Tiga Paslon di Sumut

Dalam dua gelaran Pilkada Sumut terakhir, kandidat yang menang selalu berasal dari PKS.

Pada Pilkada 2008, PKS, PPP, PBB, dan sembilan partai lain mengusung Syamsul Arifin-Gatot Pujonugroho. Pasangan itu meraih kemenangan dengan meraup 28,31 persen total suara, unggul atas Cagub yang diusung PDIP, Golkar, PAN, serta partai-partai lain.

Lima tahun setelahnya, PKS kembali memenangkan kandidatnya di Pilkada Sumut. Saat itu, PKS mengusung Gatot Pujo Nugroho-Tengku Erry Nuradi bersama Hanura, PBR, Patriot, dan PKNU. Pasangan ini ketika itu meraih 33 persen suara, disusul Effendi MS Simbolon dan Jumiran Abdi yang diusung PDIP dan PPRN.

Dilihat dari kandidat yang resmi maju, maka sejarah ini bisa jadi berulang tahun ini.

Pilkada Sumatera Utara 2018 akan diikuti oleh tiga pasangan calon. Paslon pertama yang mendaftar ke KPU Sumut adalah Edy Rahmayadi-Musa Rajekshah, pada 10 Januari kemarin. Pasangan ini didukung oleh mayoritas partai yang punya kursi di DPRD Sumut, bahkan dengan jumlah sangat dominan, 60. Edy-Ijeck didukung oleh Golkar (17 kursi), Gerindra (13), Hanura (10) PKS (9), PAN (6), dan Nasdem (5).

Pasangan kedua yang mencalonkan diri adalah JR Saragih-Ance Selian.
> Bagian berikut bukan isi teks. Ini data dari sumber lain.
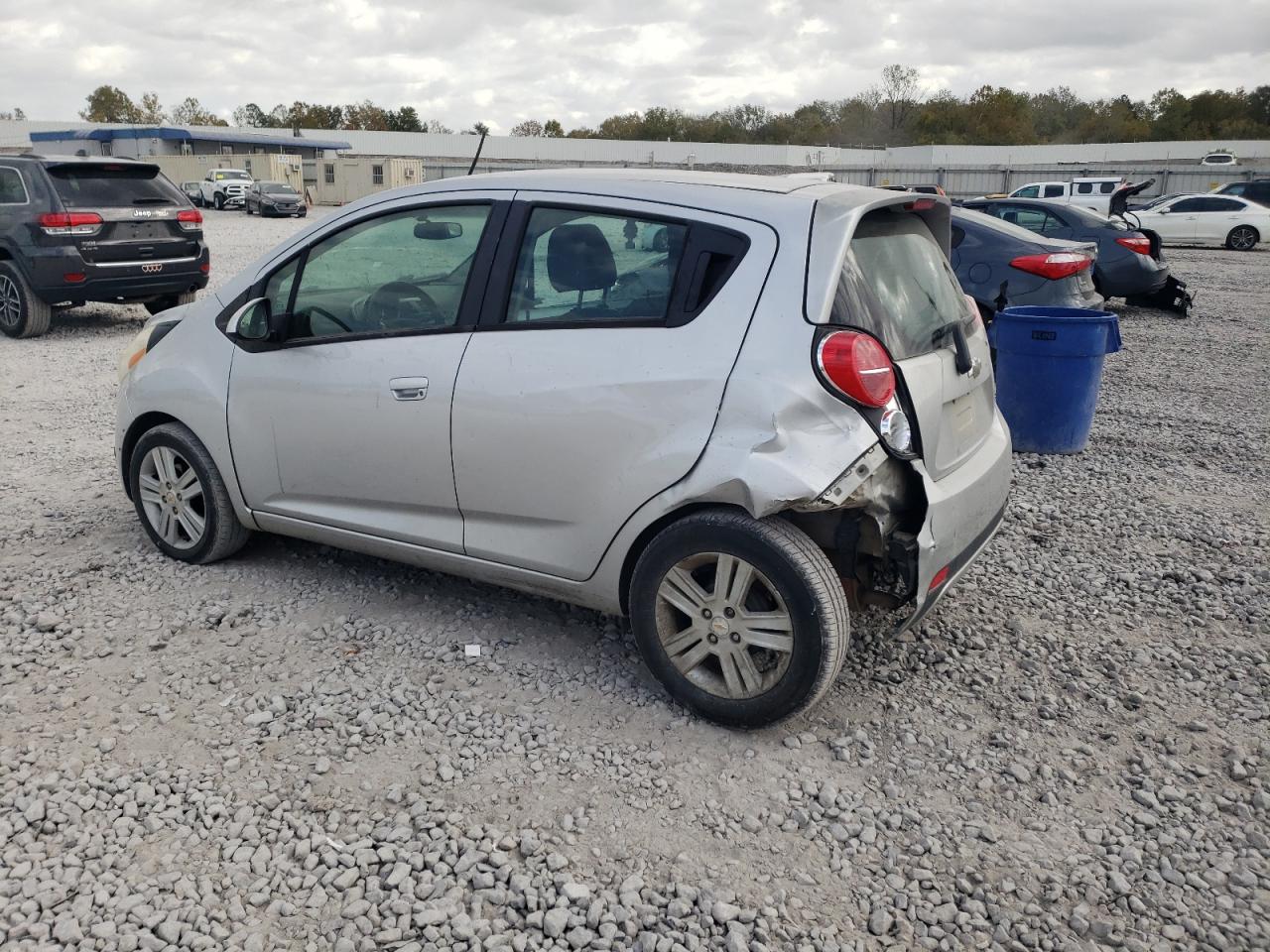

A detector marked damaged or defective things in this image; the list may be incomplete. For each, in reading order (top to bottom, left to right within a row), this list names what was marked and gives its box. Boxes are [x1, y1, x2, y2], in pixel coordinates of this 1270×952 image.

exposed wheel well [119, 411, 180, 500]
exposed wheel well [614, 502, 741, 614]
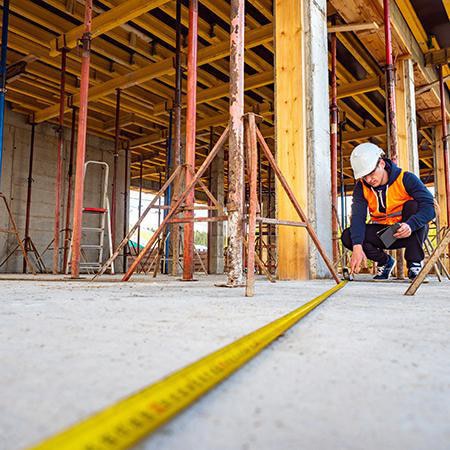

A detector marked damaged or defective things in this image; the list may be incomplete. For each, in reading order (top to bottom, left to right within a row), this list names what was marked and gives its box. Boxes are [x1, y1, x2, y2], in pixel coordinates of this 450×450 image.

rusty metal pipe [69, 0, 91, 278]
rusty metal pipe [182, 0, 198, 282]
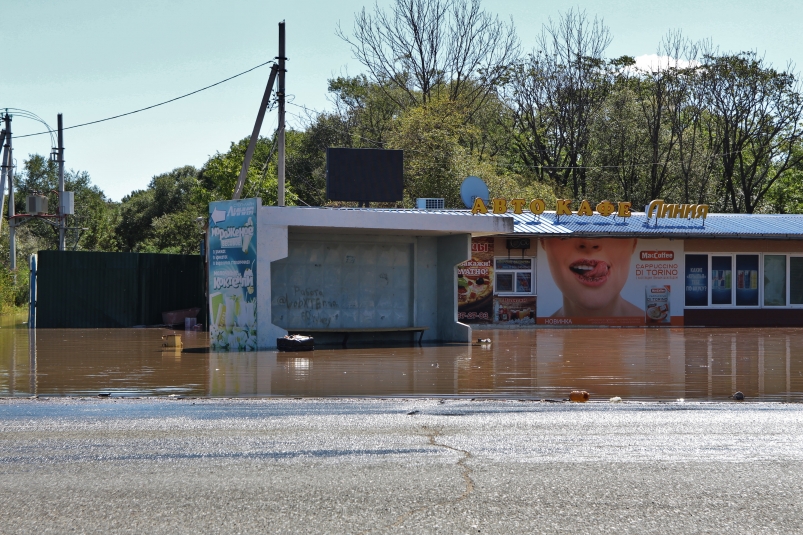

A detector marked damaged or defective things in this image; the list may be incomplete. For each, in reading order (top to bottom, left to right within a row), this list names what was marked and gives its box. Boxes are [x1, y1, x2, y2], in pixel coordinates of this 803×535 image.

crack in asphalt [356, 428, 472, 535]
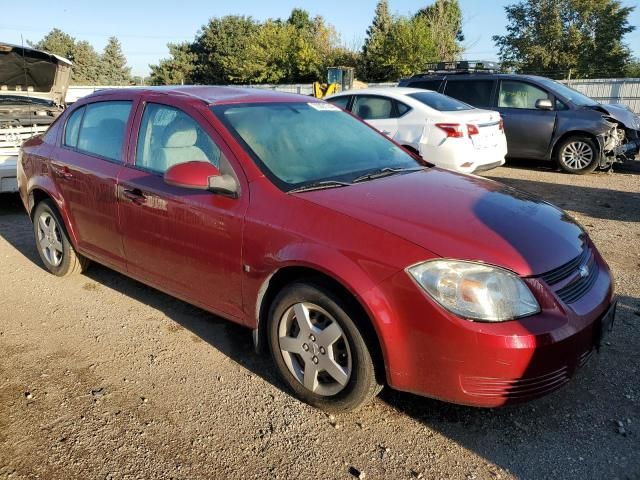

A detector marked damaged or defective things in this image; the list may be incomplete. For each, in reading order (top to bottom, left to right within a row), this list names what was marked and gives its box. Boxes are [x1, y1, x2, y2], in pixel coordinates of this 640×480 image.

damaged vehicle [0, 43, 71, 192]
damaged vehicle [400, 64, 640, 174]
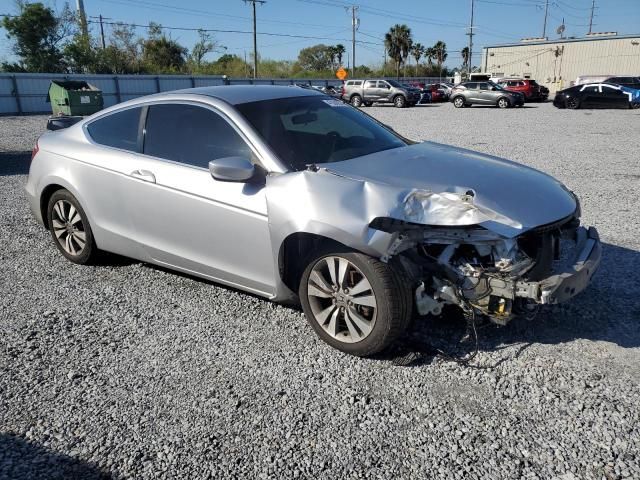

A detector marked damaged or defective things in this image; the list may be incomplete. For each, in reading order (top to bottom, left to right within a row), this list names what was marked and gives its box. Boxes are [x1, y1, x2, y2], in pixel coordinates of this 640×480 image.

front-end collision damage [266, 148, 600, 322]
crushed hood [320, 142, 580, 237]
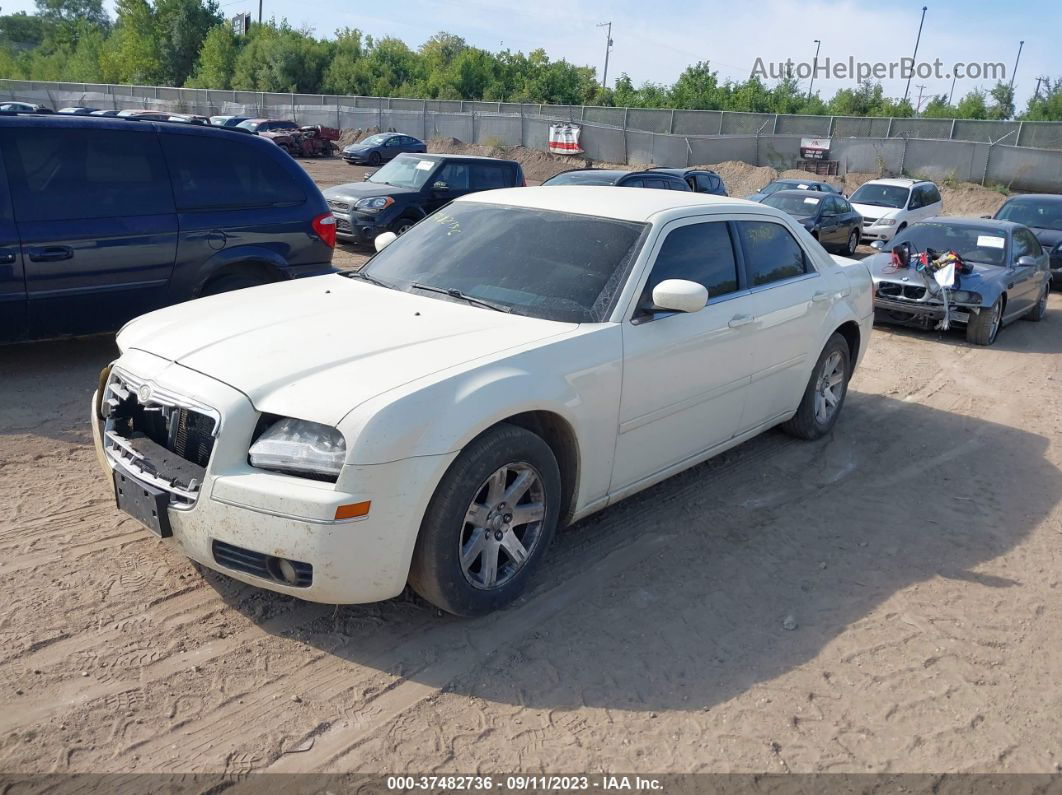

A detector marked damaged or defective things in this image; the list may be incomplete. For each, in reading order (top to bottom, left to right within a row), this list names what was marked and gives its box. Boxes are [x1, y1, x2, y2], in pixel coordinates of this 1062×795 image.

damaged dark sedan [866, 217, 1049, 343]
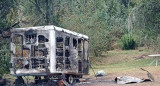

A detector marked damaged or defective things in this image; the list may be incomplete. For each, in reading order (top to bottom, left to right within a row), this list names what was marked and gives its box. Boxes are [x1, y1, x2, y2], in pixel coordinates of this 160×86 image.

burned vehicle [9, 25, 90, 84]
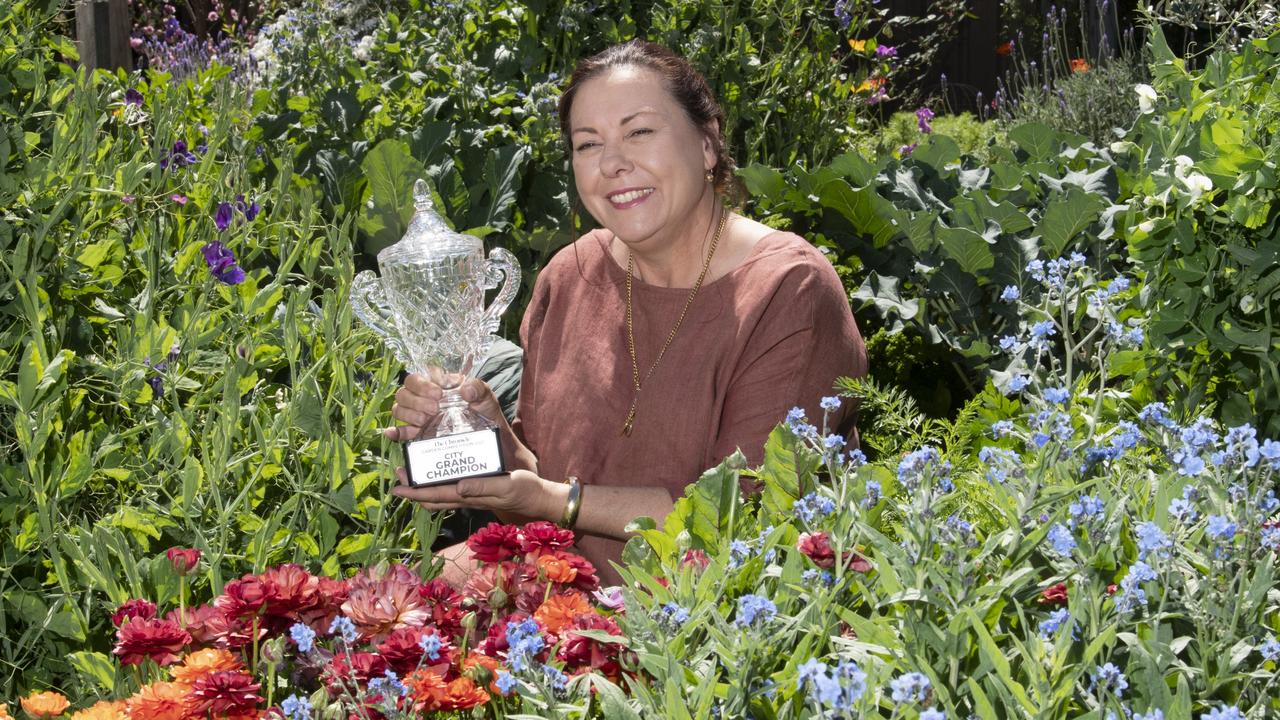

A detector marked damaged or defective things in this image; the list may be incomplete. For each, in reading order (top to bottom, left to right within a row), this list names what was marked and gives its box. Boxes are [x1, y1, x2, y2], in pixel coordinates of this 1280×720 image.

rust linen top [512, 226, 870, 579]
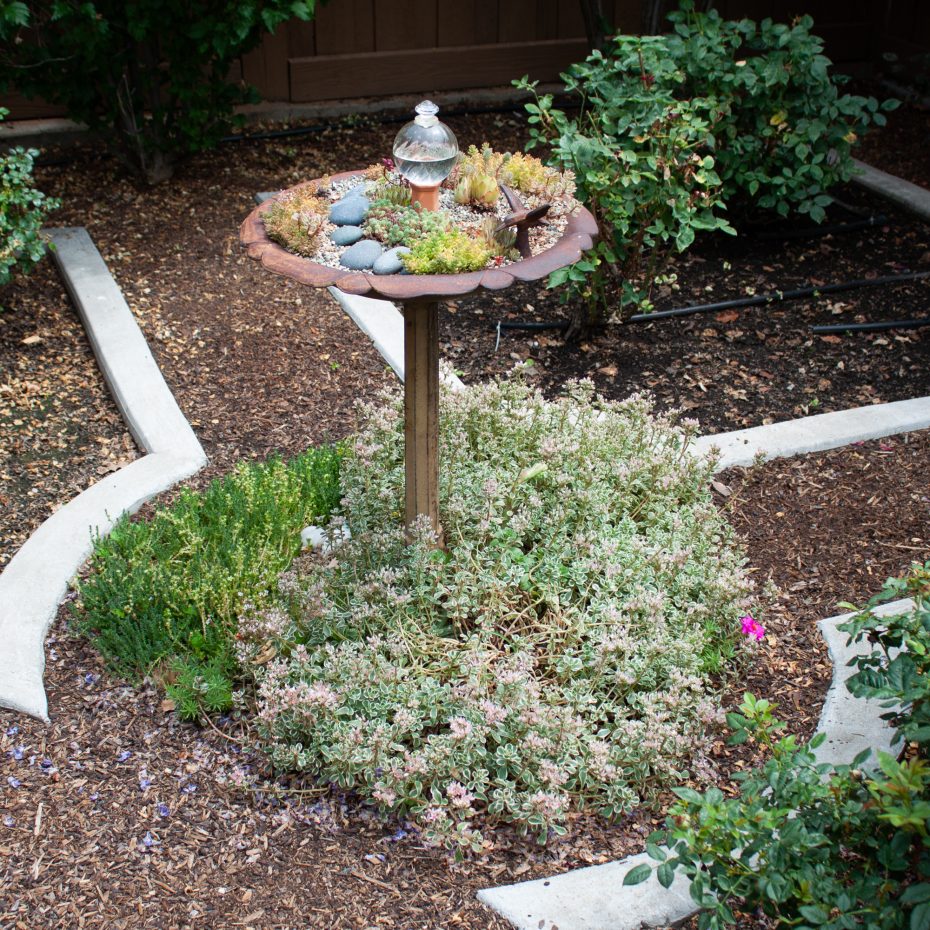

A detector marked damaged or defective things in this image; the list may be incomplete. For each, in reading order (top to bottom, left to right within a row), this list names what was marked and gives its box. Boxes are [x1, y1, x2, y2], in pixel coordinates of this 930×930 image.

rusty metal pedestal [400, 300, 440, 536]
Mereka diusung tiga partai, Demokrat, PKPI, dan PKB, yang menguasai 20 kursi di DPRD Sumut.

Paslon terakhir adalah Djarot Saiful Hidayat-Sihar Sitorus, dengan dukungan dari PDIP-PPP yang menguasai 20 kursi juga, sama seperti koalisi Demokrat, PKPI, dan PKB.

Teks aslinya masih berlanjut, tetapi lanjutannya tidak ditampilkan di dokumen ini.